● Task statement
Start at the top of the records and, please, print each line exactly through the line that contains "新村便當關新店來啦！招牌雜碎飯一吃就愛上，新竹眷村便當好滋味，園區外送首選！", leaving out all pictures.

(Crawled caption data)
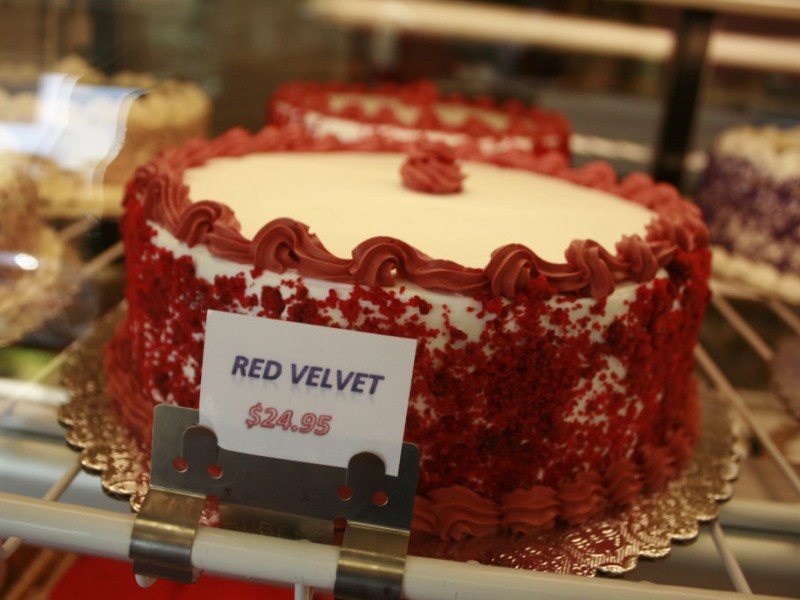 Elite Bakery Brings Three Generations of Filipino-Guamanian Flavor to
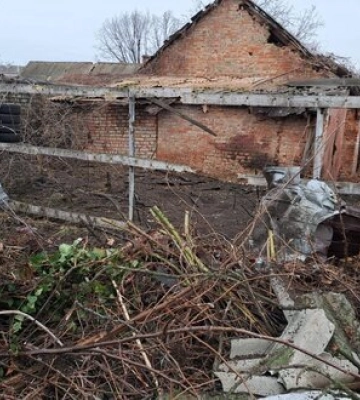 Рашисти вранці вдарили по Нікополю: Загинули дві жінки, пошкоджено 4 будинки. ФОТО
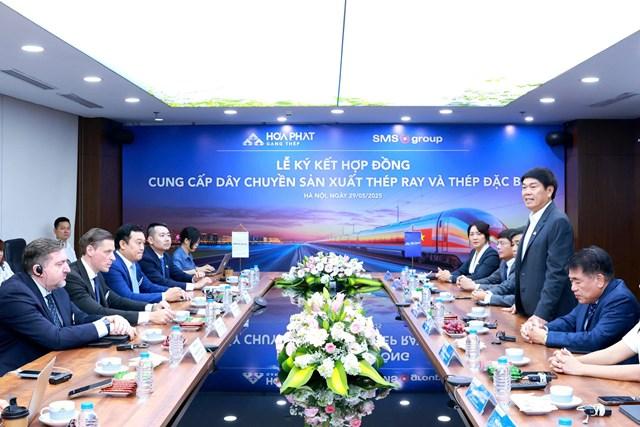 Với truyền thống và kinh nghiệm hơn 30 năm, Hòa Phát hoàn toàn tự tin sản xuất, cung cấp tất cả các sản phẩm thép, đặc biệt là ray cho dự án đường sắt tốc độ cao, đảm bảo chất lượng chuẩn quốc tế, giá thành cạnh tranh và đúng tiến độ. 12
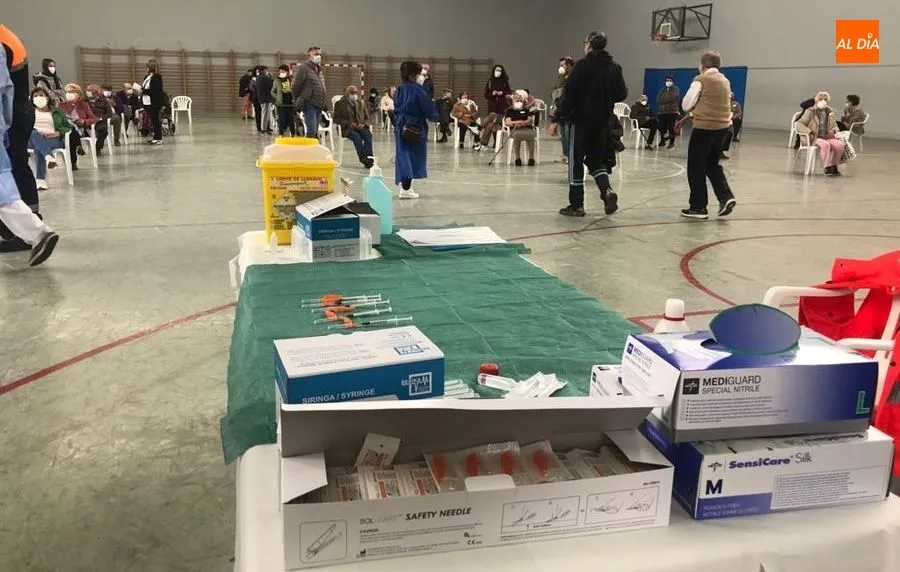 Vacunación masiva a mayores de 80 años en Santa Marta de Tormes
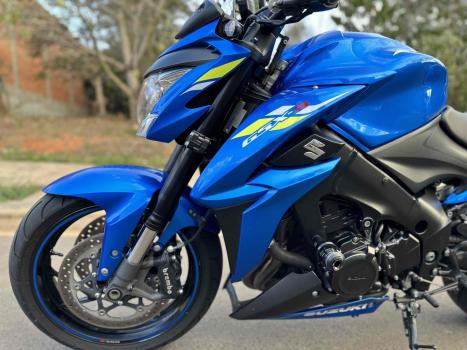 SUZUKI GSX-S 1000 A, Foto 3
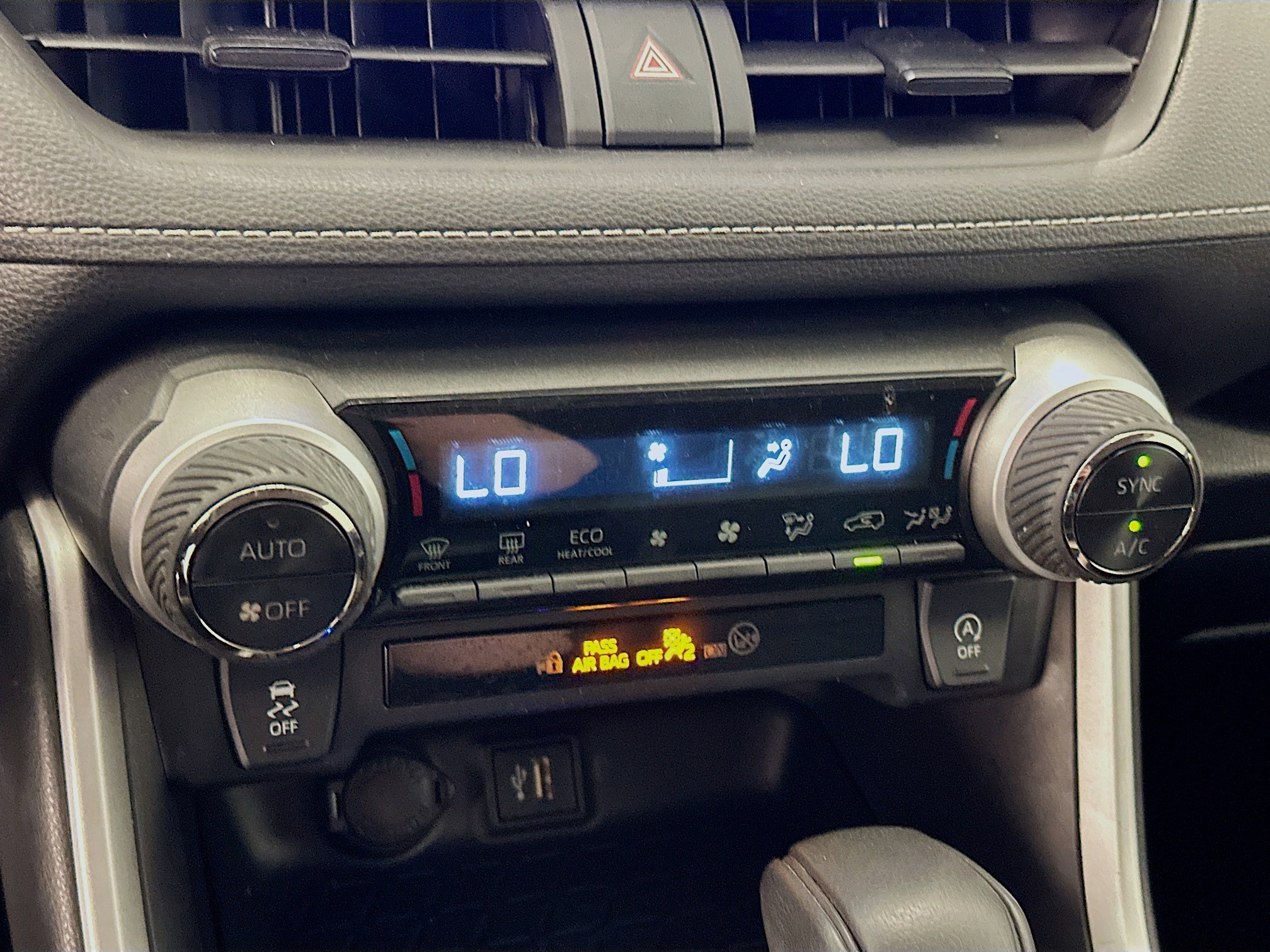 Used 2024 Toyota RAV4 XLE image 24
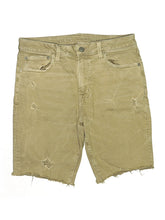 1 waist size - 32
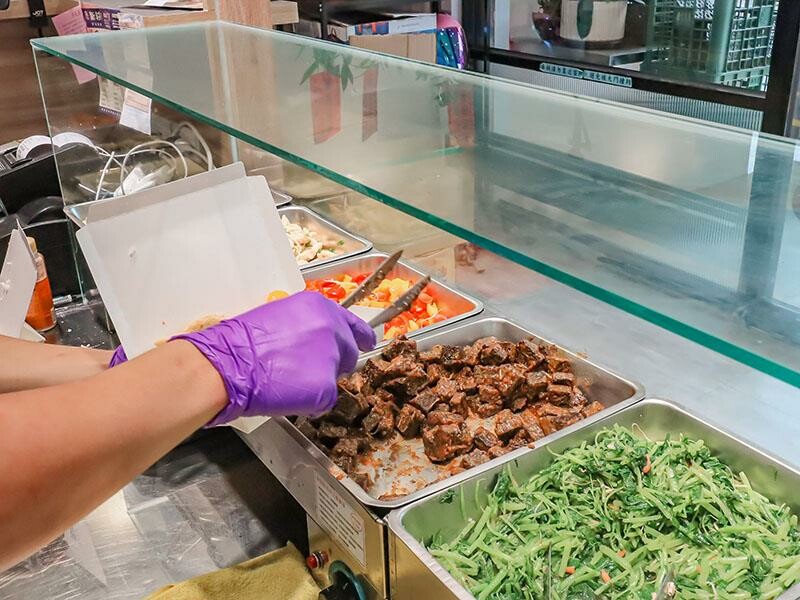 新村便當關新店來啦！招牌雜碎飯一吃就愛上，新竹眷村便當好滋味，園區外送首選！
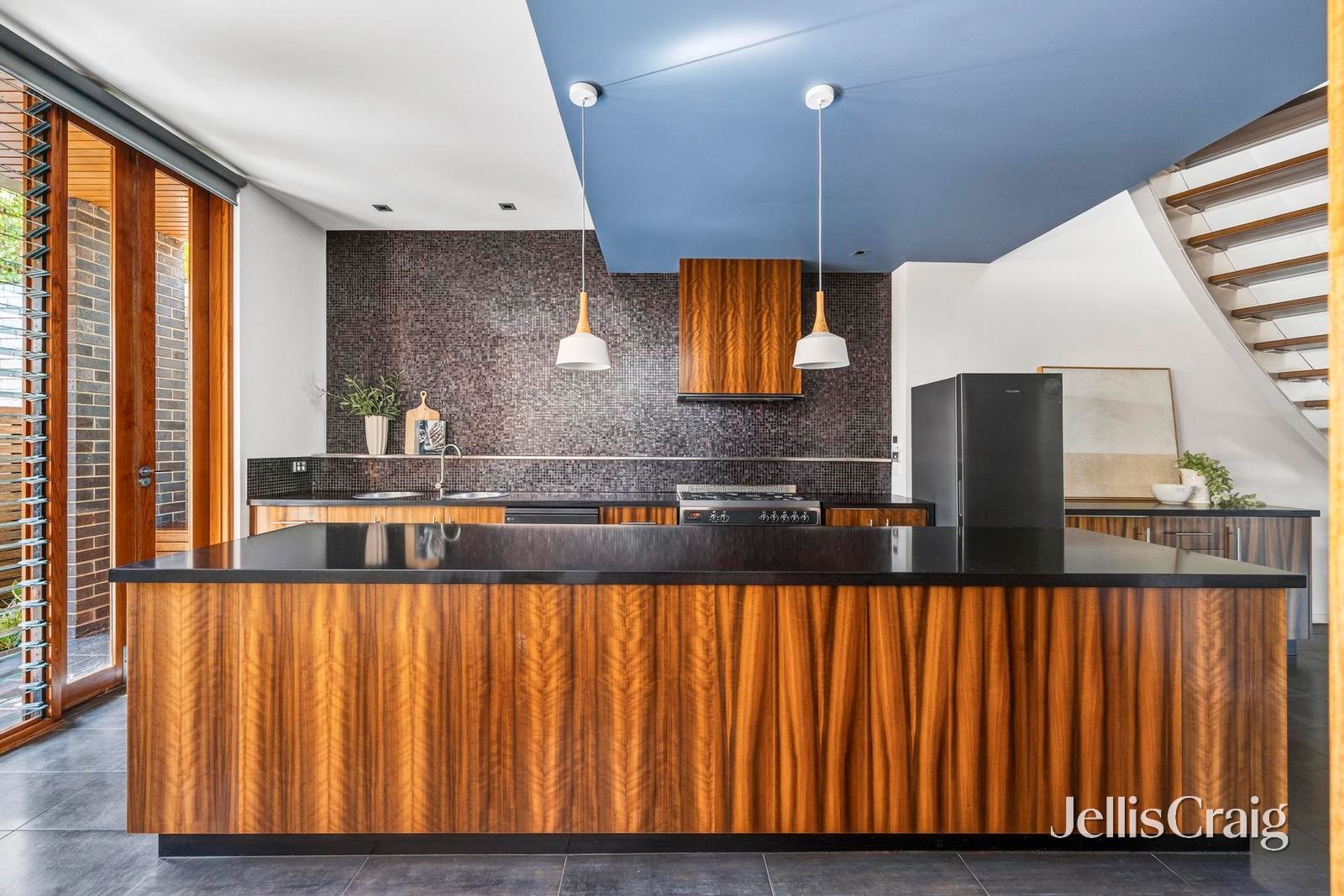 6 Swanston Street, Geelong image 8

● Task output
 Elite Bakery Brings Three Generations of Filipino-Guamanian Flavor to
 Рашисти вранці вдарили по Нікополю: Загинули дві жінки, пошкоджено 4 будинки. ФОТО
 Với truyền thống và kinh nghiệm hơn 30 năm, Hòa Phát hoàn toàn tự tin sản xuất, cung cấp tất cả các sản phẩm thép, đặc biệt là ray cho dự án đường sắt tốc độ cao, đảm bảo chất lượng chuẩn quốc tế, giá thành cạnh tranh và đúng tiến độ. 12
 Vacunación masiva a mayores de 80 años en Santa Marta de Tormes
 SUZUKI GSX-S 1000 A, Foto 3
 Used 2024 Toyota RAV4 XLE image 24
 1 waist size - 32
 新村便當關新店來啦！招牌雜碎飯一吃就愛上，新竹眷村便當好滋味，園區外送首選！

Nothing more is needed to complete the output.